The Shanghai Composite Index (SHCOMP), which tracks the bigger of China’s stock exchanges, fell 30 points, or 1.4 percent, to 2,169.39, the biggest loss since Dec. 15. The CSI 300 Index (SHSZ300) slid 2 percent to 2,298.75. China’s markets were shut yesterday and Jan. 2 for the holidays.
China Cosco Holdings Co. (601919) (601919 CH), Asia’s largest shipping line, plunged 3.9 percent to 4.50 yuan after an index of export orders indicated a third month of contraction.
China Vanke Co. (000002) (000002 CH) lost 1.9 percent to 7.33 yuan. Chinese property values dropped 0.25 percent from November, SouFun Holdings Ltd., the nation’s biggest real-estate website owner, said today.

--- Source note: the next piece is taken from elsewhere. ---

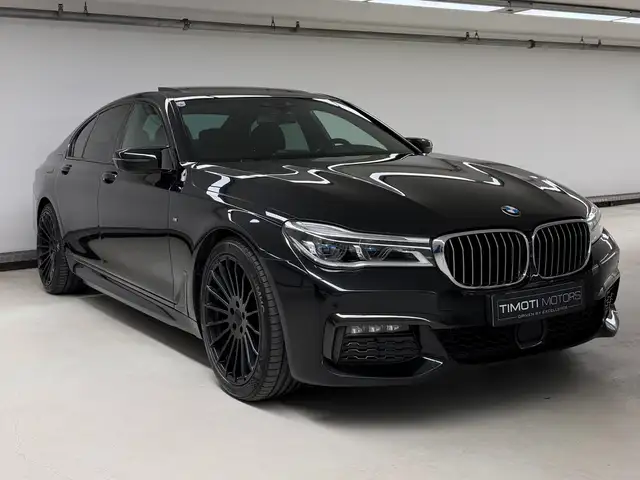 BMW 730 730d xDrive Aut. Ansicht 3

Prices slid in 60 of 100 cities, and all of the 10 biggest, including Beijing and Shanghai.
Shenzhen Development Bank Co. (000001) (000001 CH) retreated 2.8 percent to 15.16 yuan and China Citic Bank Corp. (601988) (601998 CH), a unit of the nation’s largest state-owned investment firm, fell 1.2 percent to 3.99 yuan on speculation a recent cash crunch will worsen before the Chinese New Year holidays later this month.
“We expect a reserve-ratio cut soon,” said Dariusz Kowalczyk, a strategist at Credit Agricole CIB in Hong Kong. “The cut is really needed as liquidity tightness will return as the Chinese New Year is approaching.”